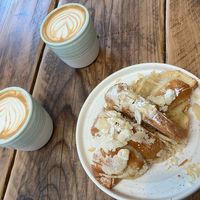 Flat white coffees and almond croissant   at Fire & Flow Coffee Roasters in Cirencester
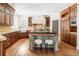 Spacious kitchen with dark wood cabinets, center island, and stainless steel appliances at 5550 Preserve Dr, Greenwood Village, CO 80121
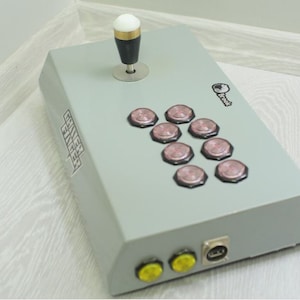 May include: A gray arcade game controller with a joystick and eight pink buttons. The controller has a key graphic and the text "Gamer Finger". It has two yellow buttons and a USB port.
────────────────
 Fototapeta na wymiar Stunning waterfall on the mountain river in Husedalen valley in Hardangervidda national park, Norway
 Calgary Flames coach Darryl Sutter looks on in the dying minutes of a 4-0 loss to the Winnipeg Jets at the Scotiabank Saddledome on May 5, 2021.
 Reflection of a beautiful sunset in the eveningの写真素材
────────────────
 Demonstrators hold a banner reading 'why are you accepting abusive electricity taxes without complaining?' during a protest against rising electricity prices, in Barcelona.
────────────────
* Task prompt *
Within the listing above, the stretch from the line with "Spacious kitchen with" down to the line with "May include: A" is to be given again exactly, end lines included and pictures excluded.

* Response below *
 Spacious kitchen with dark wood cabinets, center island, and stainless steel appliances at 5550 Preserve Dr, Greenwood Village, CO 80121
 May include: A gray arcade game controller with a joystick and eight pink buttons. The controller has a key graphic and the text "Gamer Finger". It has two yellow buttons and a USB port.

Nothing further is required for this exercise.